In his annual report last year, Elwyn said the company aimed to become the UK market leader in barn egg production.

He said the company was already supplying customers with barn eggs and added: “The business plans to become market leaders with cage-free barn production in a similar way to how we have led on colony egg production.

“The business plans to convert units at a rate of a new unit every 20 weeks to a target of over 500,000 cage-free birds.

“The business is now structured to take on more capacity to allow the supply of colony eggs and also to still enable the business to proceed to supply the cage-free market with the highest welfare standards.

“The company will work with the NGOs to establish the best outcomes for bird welfare.”

In his latest report with the 2019 accounts, Elwyn said the company had achieved its target.

“Our ambitious targets of rearing a unit every 20 weeks to become first and largest to market with cage-free egg production we achieved with over 500,00 birds being reared and in lay.

“The company led in the conversion to colony cage from battery cage and are ahead of the market in the new cage-free side of the business.
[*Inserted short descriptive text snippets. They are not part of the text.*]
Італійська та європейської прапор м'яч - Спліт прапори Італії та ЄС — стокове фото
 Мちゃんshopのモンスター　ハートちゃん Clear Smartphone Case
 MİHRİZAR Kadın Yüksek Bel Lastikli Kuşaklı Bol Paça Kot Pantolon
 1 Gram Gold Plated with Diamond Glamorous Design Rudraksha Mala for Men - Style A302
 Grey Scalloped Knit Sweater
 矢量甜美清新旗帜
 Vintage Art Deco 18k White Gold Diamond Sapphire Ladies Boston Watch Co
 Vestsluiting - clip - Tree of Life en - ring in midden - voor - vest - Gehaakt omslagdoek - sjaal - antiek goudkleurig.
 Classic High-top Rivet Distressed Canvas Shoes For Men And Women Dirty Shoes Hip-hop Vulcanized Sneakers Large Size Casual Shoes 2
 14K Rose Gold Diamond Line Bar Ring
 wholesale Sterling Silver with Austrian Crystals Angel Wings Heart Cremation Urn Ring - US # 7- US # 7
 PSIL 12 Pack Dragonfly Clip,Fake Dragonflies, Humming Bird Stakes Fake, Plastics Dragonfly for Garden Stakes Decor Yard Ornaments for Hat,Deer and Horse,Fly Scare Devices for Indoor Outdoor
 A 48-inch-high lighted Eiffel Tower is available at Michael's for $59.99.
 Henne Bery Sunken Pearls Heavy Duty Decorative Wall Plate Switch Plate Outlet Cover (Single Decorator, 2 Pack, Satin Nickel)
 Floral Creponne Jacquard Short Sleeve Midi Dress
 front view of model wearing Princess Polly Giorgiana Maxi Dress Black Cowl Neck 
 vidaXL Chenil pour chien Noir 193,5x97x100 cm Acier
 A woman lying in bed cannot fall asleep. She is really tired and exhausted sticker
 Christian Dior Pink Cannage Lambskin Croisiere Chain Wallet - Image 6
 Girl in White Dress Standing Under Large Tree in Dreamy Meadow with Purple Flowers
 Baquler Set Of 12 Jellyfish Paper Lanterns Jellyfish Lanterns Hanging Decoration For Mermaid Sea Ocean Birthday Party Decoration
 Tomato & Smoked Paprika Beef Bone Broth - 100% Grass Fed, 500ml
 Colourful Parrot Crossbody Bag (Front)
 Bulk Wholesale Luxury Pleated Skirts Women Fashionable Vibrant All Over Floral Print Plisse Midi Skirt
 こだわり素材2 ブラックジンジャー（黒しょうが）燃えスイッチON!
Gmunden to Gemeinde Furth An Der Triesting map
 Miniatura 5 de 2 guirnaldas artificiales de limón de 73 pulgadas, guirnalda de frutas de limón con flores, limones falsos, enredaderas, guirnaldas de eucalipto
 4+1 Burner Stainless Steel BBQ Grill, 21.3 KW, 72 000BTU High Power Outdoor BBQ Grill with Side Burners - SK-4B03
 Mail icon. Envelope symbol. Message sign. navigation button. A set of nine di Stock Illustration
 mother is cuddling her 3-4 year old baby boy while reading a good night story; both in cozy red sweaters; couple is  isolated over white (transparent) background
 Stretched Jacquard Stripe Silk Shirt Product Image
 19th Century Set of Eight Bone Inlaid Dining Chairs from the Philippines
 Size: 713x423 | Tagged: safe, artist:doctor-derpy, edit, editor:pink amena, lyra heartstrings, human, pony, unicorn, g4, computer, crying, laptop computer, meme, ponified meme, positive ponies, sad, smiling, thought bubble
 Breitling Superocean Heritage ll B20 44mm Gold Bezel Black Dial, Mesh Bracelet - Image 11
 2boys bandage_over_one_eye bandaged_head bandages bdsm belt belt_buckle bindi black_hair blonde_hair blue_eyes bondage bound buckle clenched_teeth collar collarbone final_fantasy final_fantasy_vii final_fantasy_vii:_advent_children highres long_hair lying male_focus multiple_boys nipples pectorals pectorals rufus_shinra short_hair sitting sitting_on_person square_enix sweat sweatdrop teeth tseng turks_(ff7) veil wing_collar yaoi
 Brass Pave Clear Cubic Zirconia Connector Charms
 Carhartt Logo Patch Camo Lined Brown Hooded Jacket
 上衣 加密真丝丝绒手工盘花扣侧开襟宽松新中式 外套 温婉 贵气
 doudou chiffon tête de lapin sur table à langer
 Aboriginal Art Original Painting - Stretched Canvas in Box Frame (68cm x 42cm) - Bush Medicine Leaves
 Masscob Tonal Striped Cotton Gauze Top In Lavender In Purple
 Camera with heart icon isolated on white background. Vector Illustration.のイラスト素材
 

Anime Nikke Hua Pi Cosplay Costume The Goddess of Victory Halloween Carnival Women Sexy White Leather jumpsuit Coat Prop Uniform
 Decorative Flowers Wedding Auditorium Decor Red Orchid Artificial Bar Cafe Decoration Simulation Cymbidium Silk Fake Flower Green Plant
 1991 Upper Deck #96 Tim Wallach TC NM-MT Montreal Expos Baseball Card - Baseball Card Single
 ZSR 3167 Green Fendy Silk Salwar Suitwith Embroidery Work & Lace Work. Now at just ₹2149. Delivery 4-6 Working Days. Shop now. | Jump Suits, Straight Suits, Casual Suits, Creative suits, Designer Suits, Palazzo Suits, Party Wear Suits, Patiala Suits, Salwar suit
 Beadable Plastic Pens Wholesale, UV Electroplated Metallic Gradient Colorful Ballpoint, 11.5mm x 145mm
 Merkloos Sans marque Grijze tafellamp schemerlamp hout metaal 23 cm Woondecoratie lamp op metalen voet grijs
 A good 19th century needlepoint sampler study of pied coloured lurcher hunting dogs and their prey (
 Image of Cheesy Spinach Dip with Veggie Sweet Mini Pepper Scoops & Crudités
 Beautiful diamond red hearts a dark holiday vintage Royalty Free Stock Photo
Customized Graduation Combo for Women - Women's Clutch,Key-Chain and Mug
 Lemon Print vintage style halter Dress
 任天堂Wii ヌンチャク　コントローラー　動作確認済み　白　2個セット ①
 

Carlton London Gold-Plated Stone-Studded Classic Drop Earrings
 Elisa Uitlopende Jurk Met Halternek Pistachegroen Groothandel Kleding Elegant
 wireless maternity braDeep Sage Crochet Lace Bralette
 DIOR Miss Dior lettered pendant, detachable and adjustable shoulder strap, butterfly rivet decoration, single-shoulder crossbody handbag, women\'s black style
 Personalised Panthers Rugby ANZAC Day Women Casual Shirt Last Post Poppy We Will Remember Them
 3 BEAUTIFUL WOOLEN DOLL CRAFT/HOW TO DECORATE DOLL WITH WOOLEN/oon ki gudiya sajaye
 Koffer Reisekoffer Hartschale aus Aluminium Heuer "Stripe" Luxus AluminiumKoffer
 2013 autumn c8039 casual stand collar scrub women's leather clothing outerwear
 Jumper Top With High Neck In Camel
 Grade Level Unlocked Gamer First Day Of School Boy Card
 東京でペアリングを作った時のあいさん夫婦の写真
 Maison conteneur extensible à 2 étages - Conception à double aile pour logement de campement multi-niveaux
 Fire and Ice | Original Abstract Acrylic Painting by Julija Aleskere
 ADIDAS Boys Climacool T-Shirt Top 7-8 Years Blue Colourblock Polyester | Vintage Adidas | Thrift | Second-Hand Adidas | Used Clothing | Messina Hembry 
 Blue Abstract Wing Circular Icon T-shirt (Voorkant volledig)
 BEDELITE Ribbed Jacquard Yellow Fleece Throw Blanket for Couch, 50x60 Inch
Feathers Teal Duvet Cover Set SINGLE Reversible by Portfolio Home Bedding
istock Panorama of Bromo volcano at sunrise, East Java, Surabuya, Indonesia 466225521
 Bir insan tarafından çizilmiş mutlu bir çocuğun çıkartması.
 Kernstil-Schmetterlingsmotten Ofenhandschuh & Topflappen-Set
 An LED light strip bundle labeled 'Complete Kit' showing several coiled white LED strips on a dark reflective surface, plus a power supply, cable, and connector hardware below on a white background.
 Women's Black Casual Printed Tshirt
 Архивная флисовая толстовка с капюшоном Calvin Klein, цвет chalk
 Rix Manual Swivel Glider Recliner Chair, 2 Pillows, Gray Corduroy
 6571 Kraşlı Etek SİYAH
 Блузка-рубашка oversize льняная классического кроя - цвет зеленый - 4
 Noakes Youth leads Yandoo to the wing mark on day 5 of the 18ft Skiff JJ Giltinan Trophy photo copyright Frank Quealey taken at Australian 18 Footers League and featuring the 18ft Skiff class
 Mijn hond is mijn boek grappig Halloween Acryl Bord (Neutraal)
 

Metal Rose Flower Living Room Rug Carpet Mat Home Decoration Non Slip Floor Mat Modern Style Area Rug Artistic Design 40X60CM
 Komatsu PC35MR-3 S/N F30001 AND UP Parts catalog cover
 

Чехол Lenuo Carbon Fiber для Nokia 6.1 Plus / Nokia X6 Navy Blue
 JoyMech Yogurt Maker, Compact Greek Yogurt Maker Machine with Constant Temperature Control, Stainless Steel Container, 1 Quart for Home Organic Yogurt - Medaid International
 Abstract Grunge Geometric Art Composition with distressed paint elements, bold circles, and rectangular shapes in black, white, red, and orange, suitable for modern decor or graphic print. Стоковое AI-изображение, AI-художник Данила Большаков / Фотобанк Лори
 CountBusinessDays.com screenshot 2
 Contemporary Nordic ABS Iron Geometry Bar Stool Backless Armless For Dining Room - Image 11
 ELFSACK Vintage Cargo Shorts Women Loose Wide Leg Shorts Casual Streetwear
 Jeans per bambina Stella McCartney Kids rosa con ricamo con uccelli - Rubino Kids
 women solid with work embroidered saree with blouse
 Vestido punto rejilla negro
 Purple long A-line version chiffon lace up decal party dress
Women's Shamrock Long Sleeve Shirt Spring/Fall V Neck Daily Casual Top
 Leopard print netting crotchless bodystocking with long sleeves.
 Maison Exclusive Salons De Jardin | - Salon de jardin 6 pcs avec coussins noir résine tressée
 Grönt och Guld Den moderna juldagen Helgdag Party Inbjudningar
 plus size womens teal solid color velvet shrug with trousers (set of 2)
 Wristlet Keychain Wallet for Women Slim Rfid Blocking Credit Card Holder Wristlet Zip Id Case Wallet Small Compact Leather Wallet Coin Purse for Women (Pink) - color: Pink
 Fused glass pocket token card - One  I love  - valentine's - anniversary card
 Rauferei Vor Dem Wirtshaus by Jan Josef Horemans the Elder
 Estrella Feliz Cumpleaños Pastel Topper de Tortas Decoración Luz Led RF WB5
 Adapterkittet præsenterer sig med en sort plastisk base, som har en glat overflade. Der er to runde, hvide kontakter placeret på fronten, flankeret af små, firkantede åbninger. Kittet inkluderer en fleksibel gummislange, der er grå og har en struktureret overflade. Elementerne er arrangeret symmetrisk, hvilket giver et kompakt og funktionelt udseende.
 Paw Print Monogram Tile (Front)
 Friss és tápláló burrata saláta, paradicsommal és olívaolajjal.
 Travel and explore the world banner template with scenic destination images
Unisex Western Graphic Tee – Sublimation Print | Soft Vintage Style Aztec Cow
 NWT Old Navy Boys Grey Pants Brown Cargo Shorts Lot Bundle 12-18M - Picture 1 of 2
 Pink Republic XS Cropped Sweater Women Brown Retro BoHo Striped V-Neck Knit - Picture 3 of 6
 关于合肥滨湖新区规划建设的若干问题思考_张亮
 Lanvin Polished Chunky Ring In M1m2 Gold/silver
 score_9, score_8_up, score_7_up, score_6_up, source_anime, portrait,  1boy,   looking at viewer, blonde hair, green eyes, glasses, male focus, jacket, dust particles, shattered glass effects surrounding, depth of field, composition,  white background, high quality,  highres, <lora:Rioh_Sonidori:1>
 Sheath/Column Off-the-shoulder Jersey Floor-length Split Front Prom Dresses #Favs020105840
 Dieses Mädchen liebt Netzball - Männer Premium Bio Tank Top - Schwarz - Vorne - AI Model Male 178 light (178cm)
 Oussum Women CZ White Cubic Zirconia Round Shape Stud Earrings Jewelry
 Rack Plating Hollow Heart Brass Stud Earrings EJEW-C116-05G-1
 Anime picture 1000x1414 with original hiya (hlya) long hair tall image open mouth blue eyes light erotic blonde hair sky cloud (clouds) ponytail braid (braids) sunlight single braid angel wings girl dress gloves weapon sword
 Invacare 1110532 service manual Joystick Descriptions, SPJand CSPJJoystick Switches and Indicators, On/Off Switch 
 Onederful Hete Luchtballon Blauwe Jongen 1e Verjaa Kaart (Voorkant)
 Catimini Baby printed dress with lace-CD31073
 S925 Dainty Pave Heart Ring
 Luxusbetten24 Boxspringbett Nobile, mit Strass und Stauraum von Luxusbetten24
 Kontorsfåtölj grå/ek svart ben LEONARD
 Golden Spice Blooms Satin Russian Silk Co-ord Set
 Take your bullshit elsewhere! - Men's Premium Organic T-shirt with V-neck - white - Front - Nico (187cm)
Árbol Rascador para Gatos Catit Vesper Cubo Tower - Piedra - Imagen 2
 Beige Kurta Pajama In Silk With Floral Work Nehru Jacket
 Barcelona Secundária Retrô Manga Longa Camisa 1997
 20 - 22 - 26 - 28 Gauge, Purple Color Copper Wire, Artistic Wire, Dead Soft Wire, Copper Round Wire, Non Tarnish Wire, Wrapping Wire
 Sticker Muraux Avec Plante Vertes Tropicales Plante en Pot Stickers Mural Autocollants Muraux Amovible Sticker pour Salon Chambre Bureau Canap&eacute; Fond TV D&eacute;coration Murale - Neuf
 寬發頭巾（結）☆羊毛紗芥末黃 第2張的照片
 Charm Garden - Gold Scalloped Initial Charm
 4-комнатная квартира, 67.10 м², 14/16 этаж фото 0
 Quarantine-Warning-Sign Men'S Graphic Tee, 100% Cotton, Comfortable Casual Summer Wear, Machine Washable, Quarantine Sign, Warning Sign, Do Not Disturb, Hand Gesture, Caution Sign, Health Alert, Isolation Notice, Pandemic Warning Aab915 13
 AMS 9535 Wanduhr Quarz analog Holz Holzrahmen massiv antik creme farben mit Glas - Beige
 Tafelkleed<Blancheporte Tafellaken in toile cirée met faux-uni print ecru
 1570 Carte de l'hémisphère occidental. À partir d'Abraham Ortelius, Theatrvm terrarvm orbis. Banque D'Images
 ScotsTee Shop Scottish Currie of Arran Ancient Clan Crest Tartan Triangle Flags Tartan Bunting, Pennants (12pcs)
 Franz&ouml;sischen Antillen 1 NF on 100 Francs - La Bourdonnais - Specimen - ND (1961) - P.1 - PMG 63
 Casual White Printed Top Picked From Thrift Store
“This has led to the biggest challenge the family business has ever faced in adapting and developing systems fit for purpose.”

The latest accounts highlight the impact the investment has had on the financial performance of the business over the last 12 months.

Turnover was £66.3 million in 2018. It was £63.5 million in 2019. Oaklands suffered a pre-tax loss of £2.6 million.

Elwyn Griffiths pointed out in his strategic report for 2019 that there was no legal requirement for egg producers to go cage-free.

However, he said: “The company believe that to maintain a competitive advantage the business should offer a choice of all four legal production systems to be able to supply across all customer requirements.”

All major retailers in the UK and some leading food manufacturers have committed to moving away from using cage eggs by 2025 following pressure from animal welfare campaigners.